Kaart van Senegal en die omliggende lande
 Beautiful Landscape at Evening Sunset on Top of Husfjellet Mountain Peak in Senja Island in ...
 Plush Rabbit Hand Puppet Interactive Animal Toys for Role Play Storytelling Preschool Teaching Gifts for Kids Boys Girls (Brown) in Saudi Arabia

- - - - - - -

> Action item: Exactly as written above, set down the whole listing again.

> Result for this exercise:
Kaart van Senegal en die omliggende lande
 Beautiful Landscape at Evening Sunset on Top of Husfjellet Mountain Peak in Senja Island in ...
 Plush Rabbit Hand Puppet Interactive Animal Toys for Role Play Storytelling Preschool Teaching Gifts for Kids Boys Girls (Brown) in Saudi Arabia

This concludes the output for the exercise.